2015-06-17 23:45:52 +02:00 · 2015-06-17 23:45:52 +02:00 · 7f10865215
commit 7f10865215
parent 4881bb0be7
1 changed files with 39 additions and 32 deletions
--- a/docs/source/guides/module.rst
+++ b/docs/source/guides/module.rst
@ -347,52 +347,59 @@ When your browser locates on a page, an instance of the class related to the
 is created.

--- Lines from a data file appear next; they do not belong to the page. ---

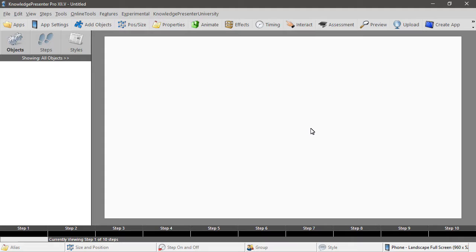Let's have a quick and easy look at how we can use the clipboard to get content from other sources into your Knowledge Presenter lessons.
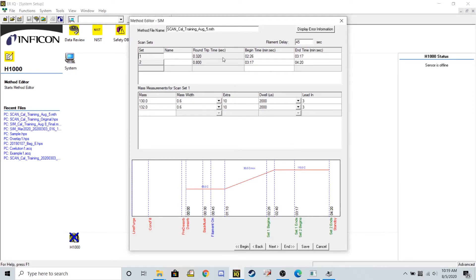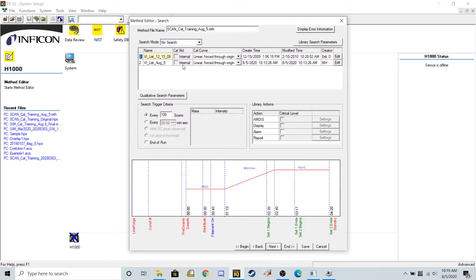Now that I've specified the windows and the ions that the mass spec needs to look for for my two chemicals of interest, I can go over here and click next.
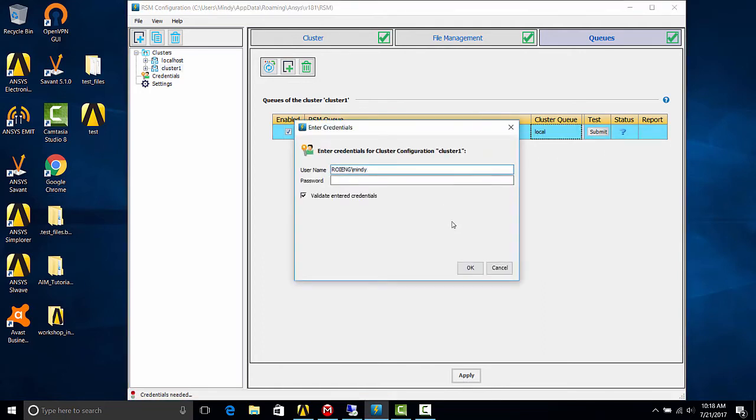It brought up a credentials window. Now you'll want to enter a domain slash username and password of a valid account on the remote server, as this will be who the job will log in as and run as.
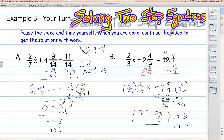Remember, when you're solving two-step equations, you have to undo the addition or subtraction first, and then undo the multiplication or division. As in these examples, we had to get rid of a fractional coefficient, so I multiplied by the inverse of that fractional coefficient to get rid of it.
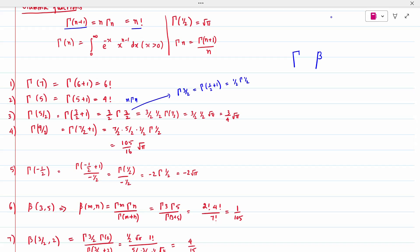For Gamma of negative values like Gamma(-1/2): since we cannot write it in the n+1 form, we use the reverse formula Gamma(n) = Gamma(n+1) / n. So Gamma(-1/2) = Gamma(-1/2 + 1) / (-1/2) = Gamma(1/2) / (-1/2) = root(pi) * (-2) = -2*root(pi).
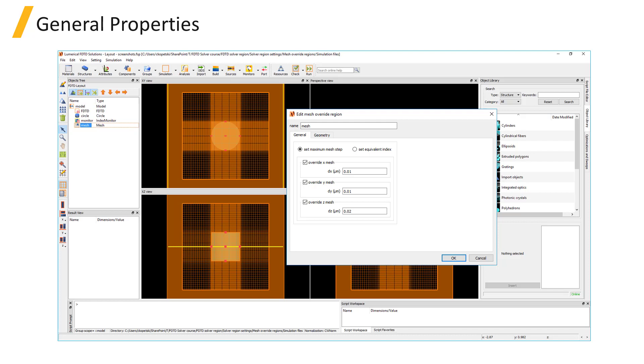Using a fine mesh only where it is required is far more memory efficient than making the mesh small throughout the entire simulation volume.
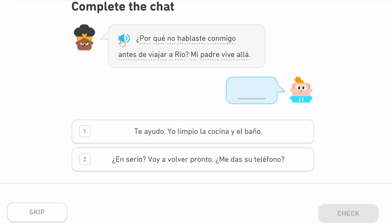'¿Por qué no hablaste conmigo antes de viajar a Rio?' The first part is a question. It starts with 'por qué,' which means 'why.' 'No hablaste' — 'you didn't speak' — in the perfect past. 'Conmigo' means 'with me' and 'contigo' means 'with you.' So she's saying: why didn't you speak with me before I travelled to Rio? 'Antes' is 'before,' 'de viajar a Rio' is 'of travelling to Rio.'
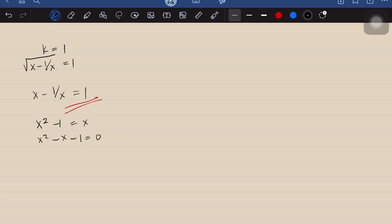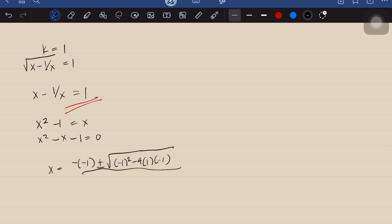We can use whichever method we're comfortable with — for example, the quadratic formula. So x equals negative b plus or minus the square root of b squared minus 4ac, all over 2a. This simplifies to x equals 1 plus or minus the square root of 5, all over 2. Therefore, the possible values of x are (1 ± √5) / 2.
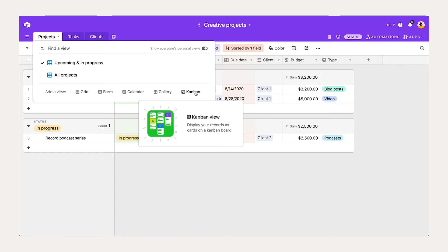Using a Kanban view, you can group your records into stacks based on a single select or collaborator field. Then you can drag and drop between different stacks.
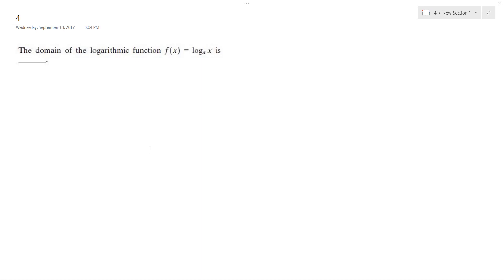So we want to know the domain of a logarithmic function f(x) = log base a of x. What is it?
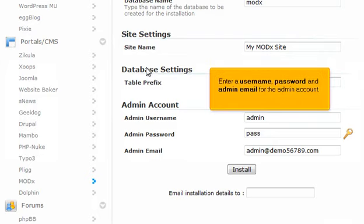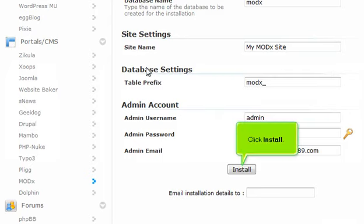Enter a username, password, and admin email for the admin account. Click Install.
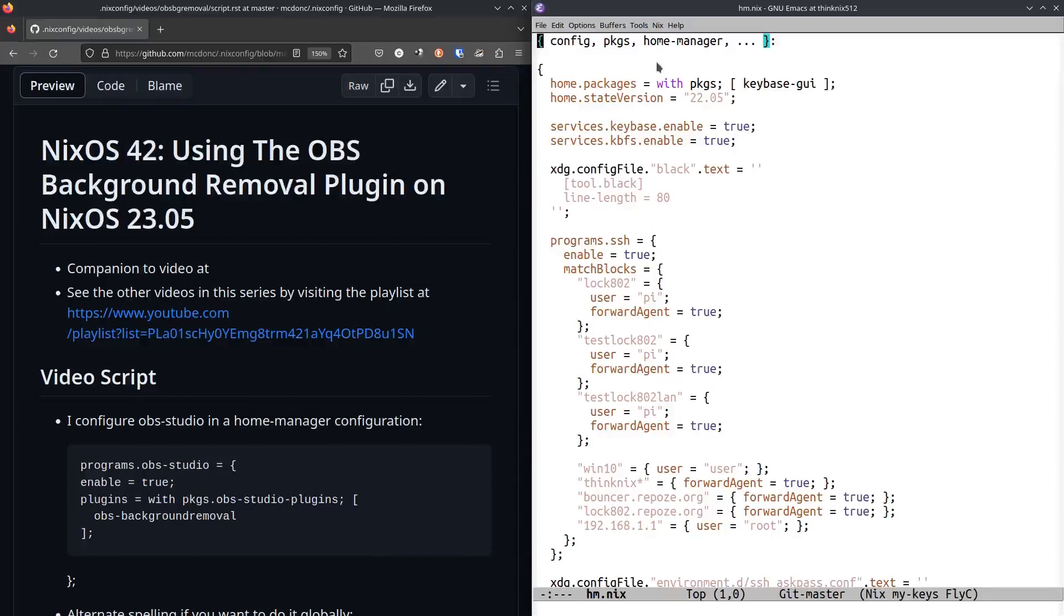I am a much simpler man. I don't know beans about OBS other than how to press record and it will capture my screen. Recently, I had reason to want to use the OBS Background Removal plugin, which kind of blurs your background, and I didn't really know how to do it under NixOS.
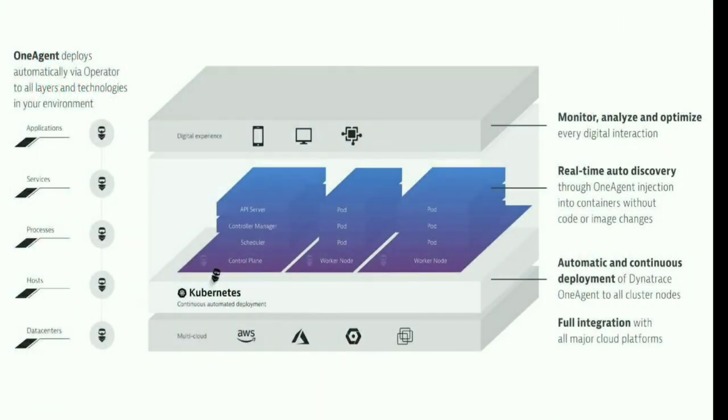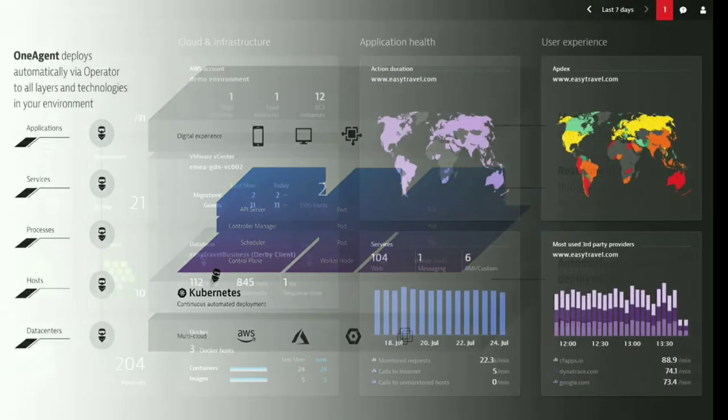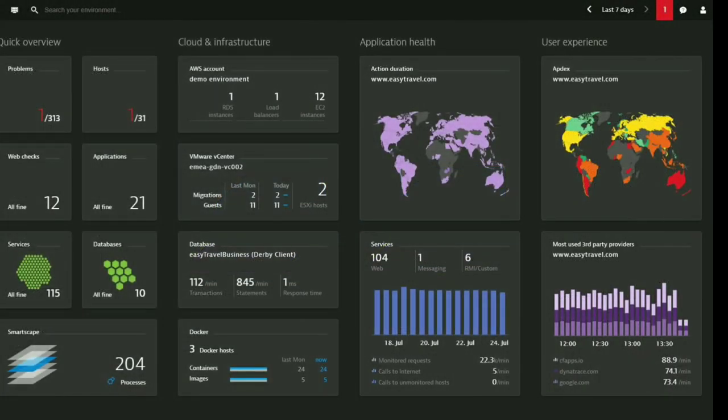For real user monitoring, Dynatrace one agent injects a JavaScript tag into the HTML of each application page that is rendered by your web servers. With these tags in place, the agent can monitor the response times and performance experienced by your customers in their mobile and desktop browsers.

You can declare methods on your class to allow your browser to
 interact with it.

-The first thing to know is that your instance owns these attributes:
-
-* ``browser`` - your ``ExampleBrowser`` class
-* ``logger`` - context logger
-* ``encoding`` - the encoding of the page
-* ``response`` - the ``Response`` object from ``requests``
-* ``url`` - current url
-* ``doc`` - parsed document with ``lxml``
-
-The most important attribute is ``doc`` you will use to get information from the page. You can call two methods:
-
-* ``xpath`` - xpath expressions
-* ``cssselect`` - CSS selectors
+The first thing to know is that page parsing is done in a descriptive way. You
+don't have to loop on HTML elements to construct the object. Just describe how
+to get correct data to construct it. It is the Browser class work to actually
+construct the object.

 For example::

+    from weboob.browser.filters.html import Attr
+    from weboob.browser.filters.standard import CleanDecimal, CleanText
    from weboob.capabilities.bank import Account

    class ListPage(LoggedPage, HTMLPage):
-        def get_accounts(self):
-            for el in self.doc.xpath('//ul[@id="list"]/li'):
-                account = Account()
-                account.id = el.attrib['id']
-                account.label = el.xpath('./td[@class="name"]').text
-                account.balance = Decimal(el.xpath('./td[@class="balance"]').text)
-                yield account
+        @method
+        class get_accounts(ListElement):
+            item_xpath = '//ul[@id="list"]/li'

-An alternative with ``cssselect``::
+            class item(ItemElement):
+                klass = Account()

-    from weboob.capabilities.bank import Account
+                obj_id = Attr('id')
+                obj_label = CleanText('./td[@class="name"]')
+                obj_balance = CleanDecimal('./td[@class="balance"]')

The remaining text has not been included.